▸ Assignment
Pictures excluded, copy word for word the lines from the one holding "Neurology Journal (@greenjournal)" through the last line below.

^^^^^^^^^^^^^^^^

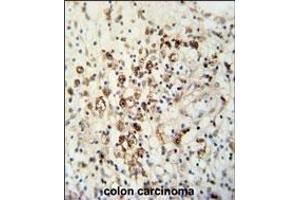 HAUS5 Antibody (N-term) (ABIN651423 and ABIN2840230) immunohistochemistry analysis in formalin fixed and paraffin embedded human colon carcinoma followed by peroxidase conjugation of the secondary antibody and DAB staining.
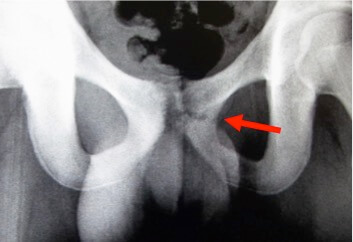 恥骨　疲労骨折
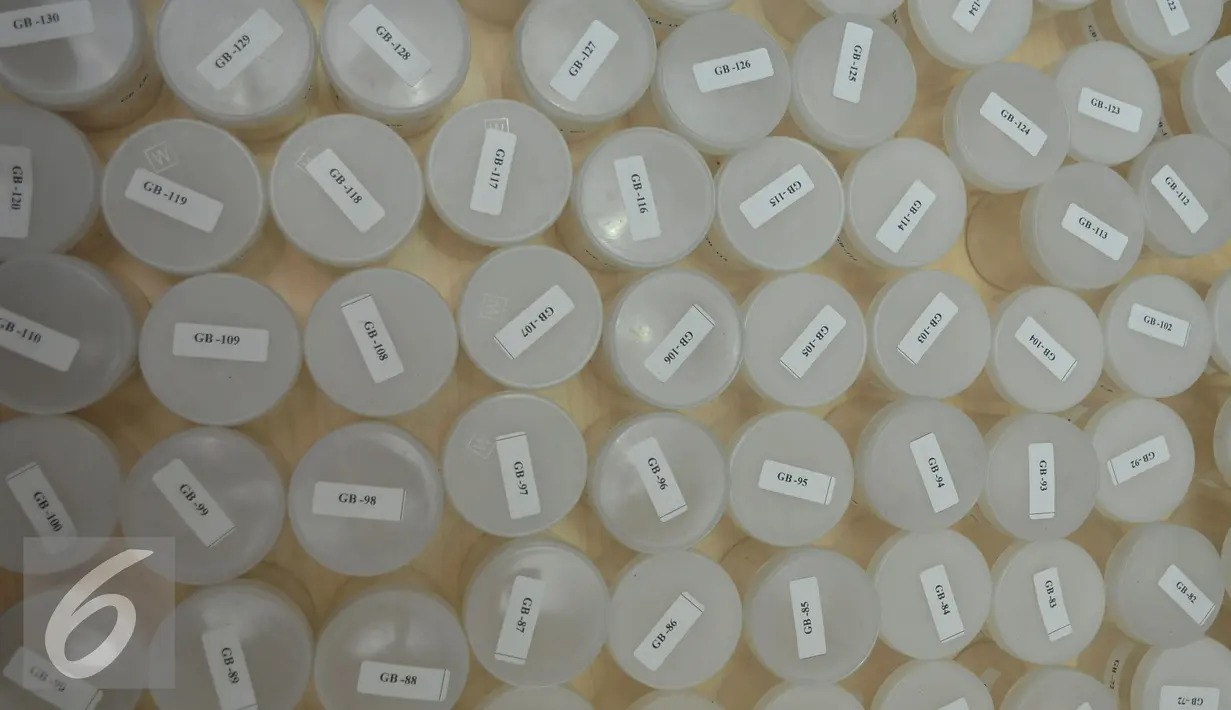 Botol untuk test urine siswa calon anggota Paskibraka tingkat nasional 2016 di siapkan di Rumah Sakit Olah Raga Nasional Menpora Cibubur, Jakarta Timur, untuk jalani Seleksi Kamis (21/7). (Liputan6.com/Johan Tallo)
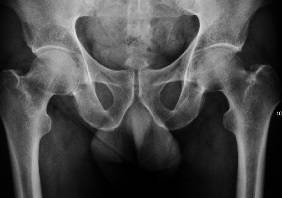An X-ray of an osteoporotic hip.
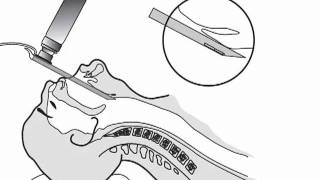 Laryngoscope Blade Use In ETI [upl. by Shaun]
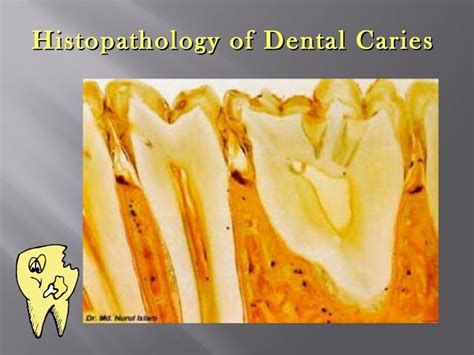 Histopathology Of Dental Caries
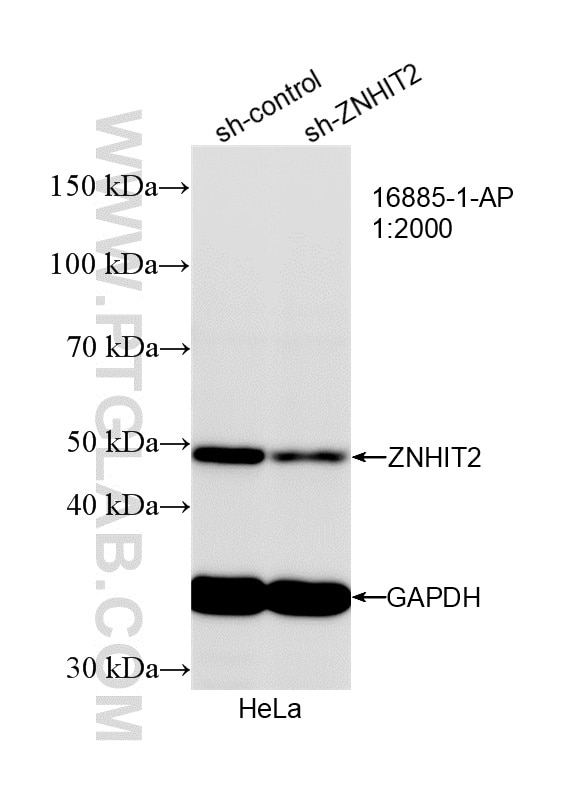 WB result of ZNHIT2 antibody (16885-1-AP; 1:2000; incubated at room temperature for 1.5 hours) with sh-Control and sh-ZNHIT2 transfected HeLa cells. Western Blot (WB) analysis of HeLa cells using ZNHIT2 Polyclonal antibody (16885-1-AP)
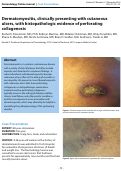 Cover page: Dermatomyositis, clinically presenting with cutaneous ulcers, with histopathologic evidence of perforating collagenosis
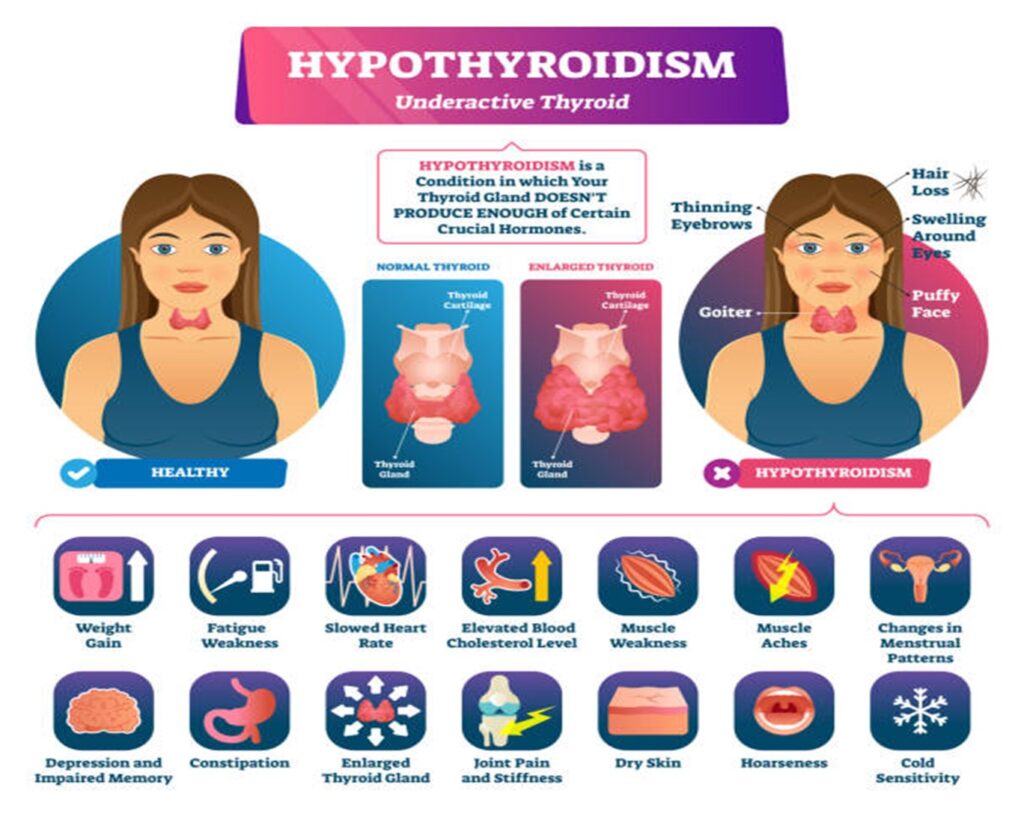 Thyroid Symptoms in Female Pregnancy: Essential Guide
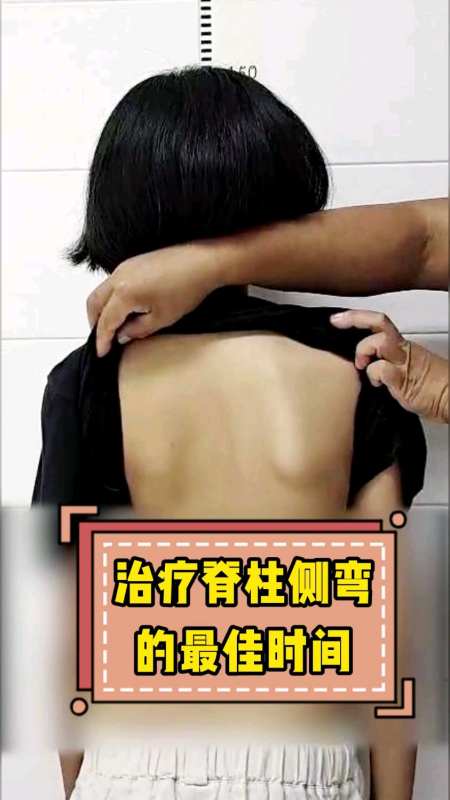 脊柱侧弯最佳治疗时间是什么时候什么是生长爆发期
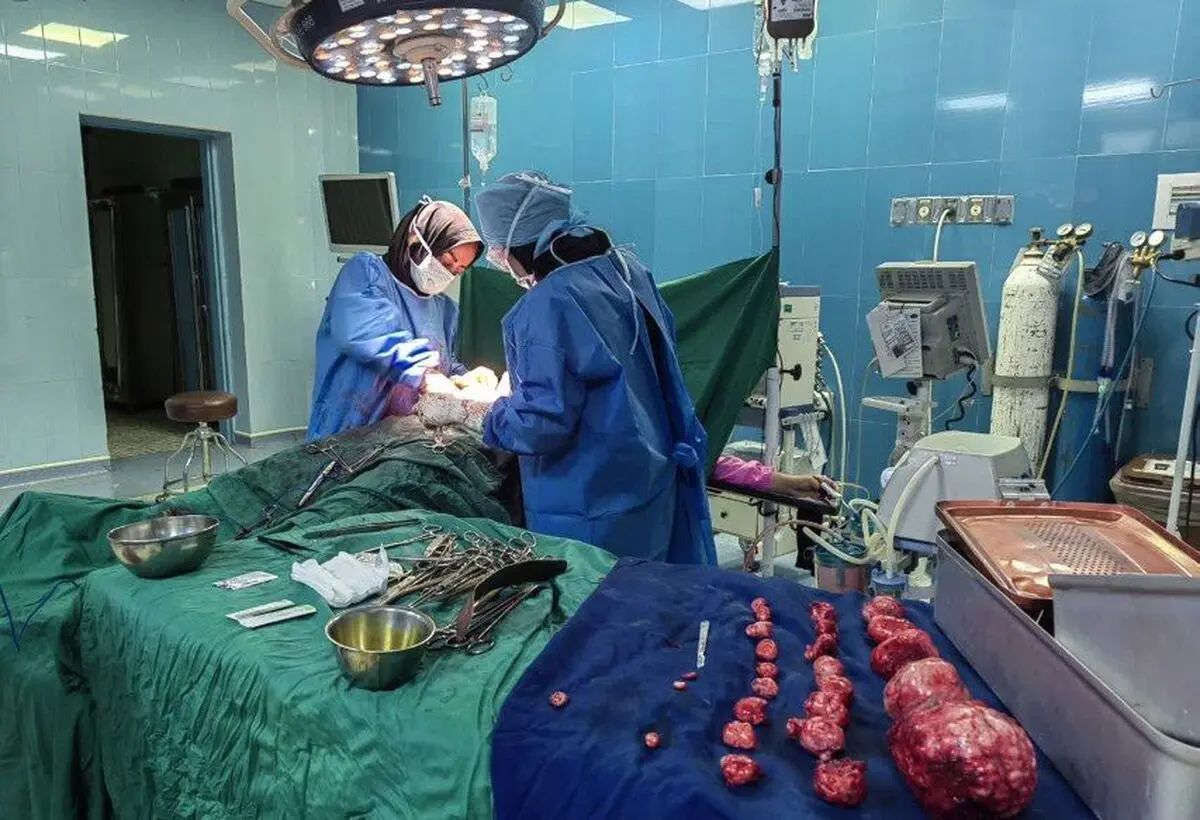 خارج کردن  ۳۰ توده میوم از بدن یک بیمار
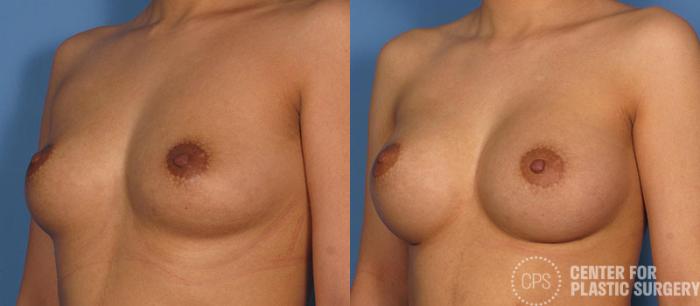 Breast Augmentation Case 87 Before & After Left Oblique | Chevy Chase & Annandale, Washington D.C. Metropolitan Area | Center for Plastic Surgery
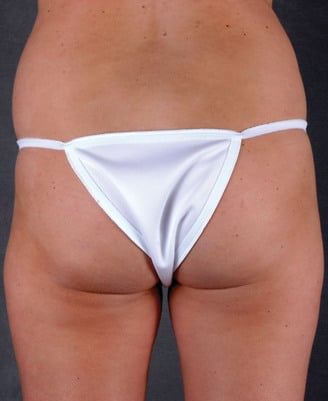 liposuction - patient 4039 - before 2 liposuction - patient 4039 - before 2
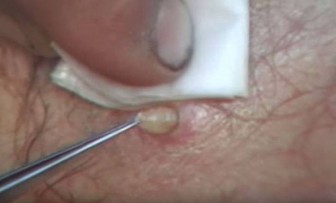 It Looks Like A Pimple On His Back. But What They Pulled Out, Got Bigger And Bigger (Video)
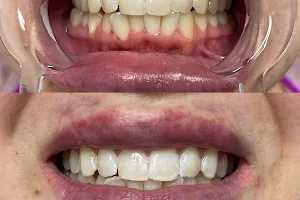All Smiles Teeth Whitening LLC image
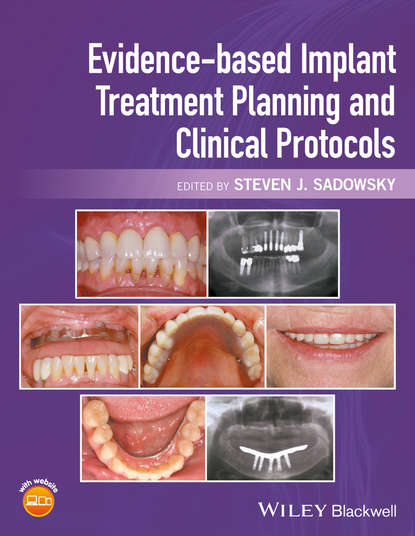 

Evidence-based Implant Treatment Planning and Clinical Protocols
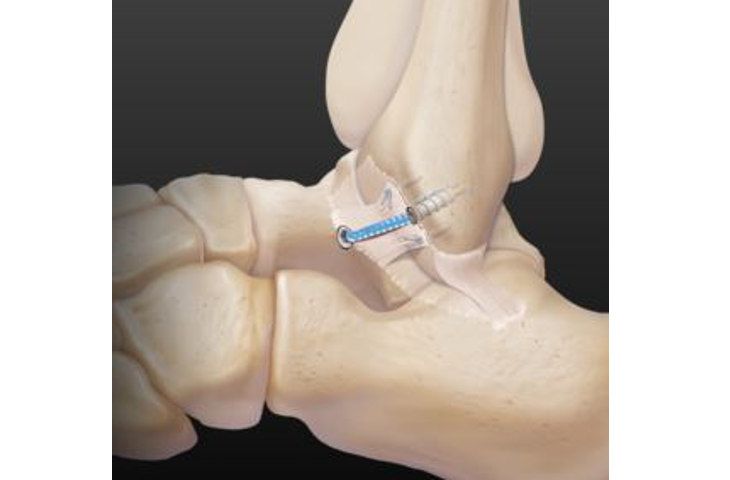 ankle with internal brace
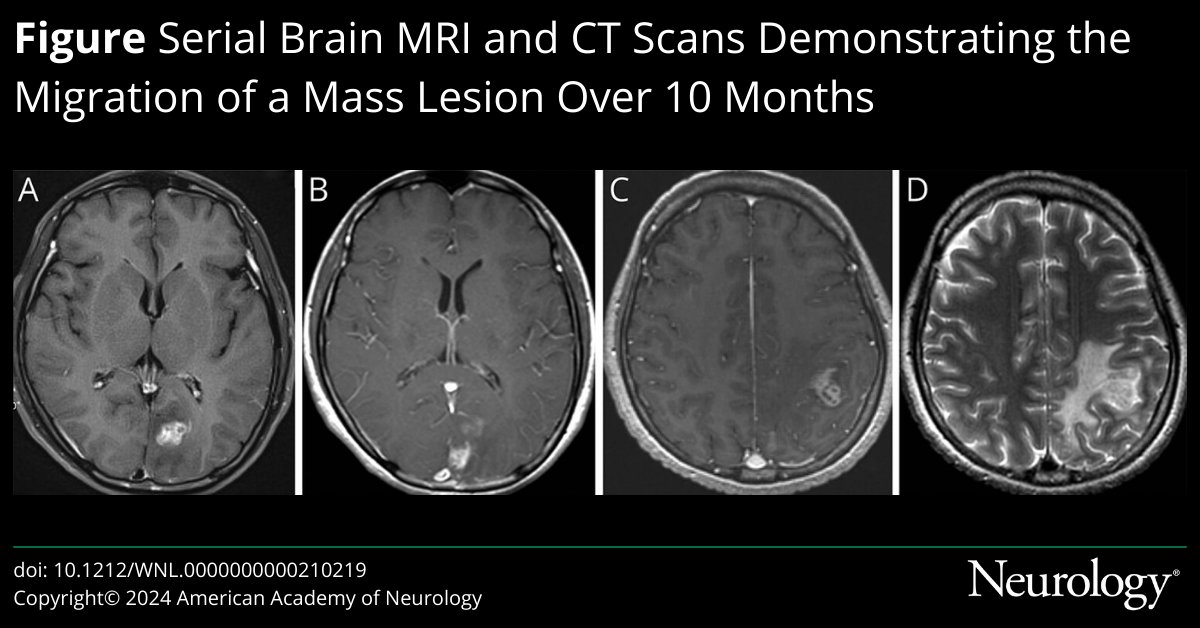 Neurology Journal (@greenjournal) on Twitter photo Video NeuroImage: Sparganosis of the Brain bit.ly/402ZHty
#NeuroTwitter #NeuroX Video NeuroImage: Sparganosis of the Brain bit.ly/402ZHty
#NeuroTwitter #NeuroX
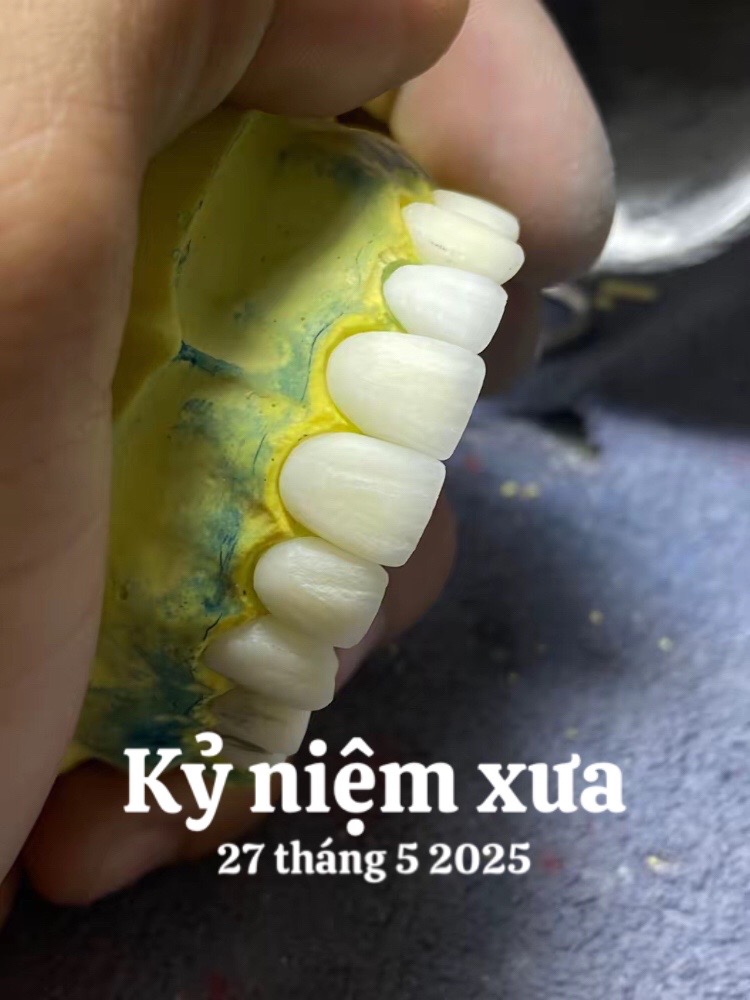 @Hùng răng sứ 🦷🦷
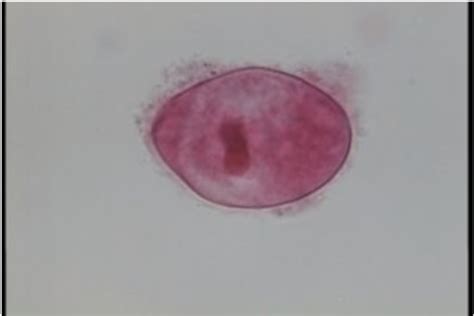 Parasitology Flashcards Quizlet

^^^^^^^^^^^^^^^^

▸ Your solution
 Neurology Journal (@greenjournal) on Twitter photo Video NeuroImage: Sparganosis of the Brain bit.ly/402ZHty
#NeuroTwitter #NeuroX Video NeuroImage: Sparganosis of the Brain bit.ly/402ZHty
#NeuroTwitter #NeuroX
 @Hùng răng sứ 🦷🦷
 Parasitology Flashcards Quizlet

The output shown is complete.